Nash’s book is an excellent primer on economics, a wonderfully clear discussion of the “dismal science” that should be required reading for every seminarian. Nash, a professor of philosophy and religion at Western Kentucky University, does not seek to prove capitalism to be uniquely Christian—“there is no such thing as revealed economics,” he contends, for “trying to deduce a system of economics from the Bible” is “as muddle-headed as an attempt to deduce a theory of the solar system from the Bible.” Instead, Nash looks at how free-market and socialist systems work in practice, comparing the results with biblical norms of justice.
Nash makes the case that capitalism is more consistent with Christian ethics than socialism. First, he shows that market economies are far more productive. As a result, the poor and disadvantaged are almost invariably better off under capitalism.
In fact, this point is almost impossible to contest today, given economic experience around the world. “Advanced industrial capitalism,” states Boston University sociologist Peter Berger in The Capitalist Revolution, “has generated, and continues to generate, the highest material standard of living for large masses of people in human history.”
Nor is the free market’s success limited to the West. Berger explores the case of East Asia, where Japan, Taiwan, Hong Kong, Singapore, and South Korea have all achieved enormous material progress by relying on market-oriented policies.
Socialism Untried?
The second major argument for capitalism is that it generally produces a freer society. “One of the great ironies of Christian socialism,” Nash says, “is that its proponents in effect demand that the state get out its weapons and force people to fulfill the demands of Christian love.” Religious leftists “would like us to believe that there is a form of socialism, not yet tried anywhere on earth, where the central ideas are cooperation and community and where coercion and dictatorship are precluded,” adds Nash, but “socialism epitomizes the violent means of exchange.”
In contrast, argues Berger, capitalism “provides the context within which personal liberties can thrive and institutions fostering these liberties, including the bourgeois family and organized religion, can function without pervasive state controls.” Capitalism also promotes democracy: As Berger points out, only countries with a protected private economic sector are democratic.
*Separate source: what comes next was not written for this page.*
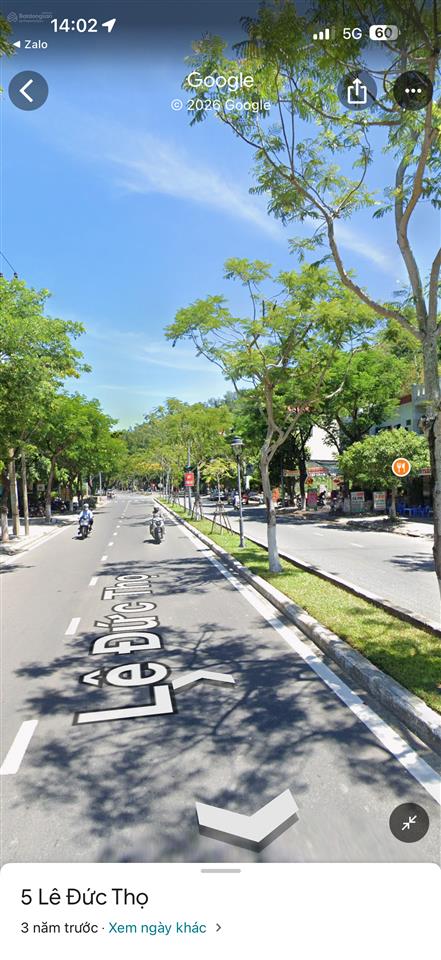 Bán cặp đất siêu đẹp đường lê đức thọ ngay bãi tắm đẹp nhất đầu tuyến sơn trà được xây cao tầng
Every totalitarian state, in contrast, firmly controls its economy.
Both authors, though skeptical about government economic intervention, believe that religious values are necessary to undergird the market system. Berger views churches as providing “communal solidarity” to help balance capitalism’s “anonymous aspects of individual autonomy.”
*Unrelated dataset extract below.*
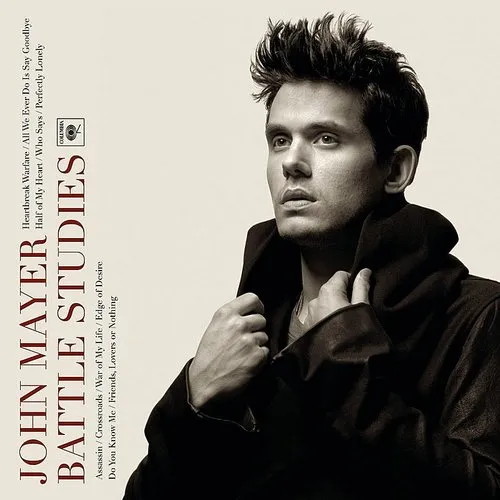 John Mayer - Battle Studies vinyl record cover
And Nash concludes his book by emphasizing an issue too often lost in the traditional Enlightenment-based defense of free markets: “a capitalism that is cut loose from traditional values is a capitalism that is headed for trouble.” It is the Judeo-Christian moral principles that once grounded Western society that also made the marke system so successful; as values like honesty, diligence, and a refusal to seek official privileges have waned, the market system has inevitably given way to statism.
“Let all friends of a market system pay heed,” warns Nash, “capitalism needs Christianity.”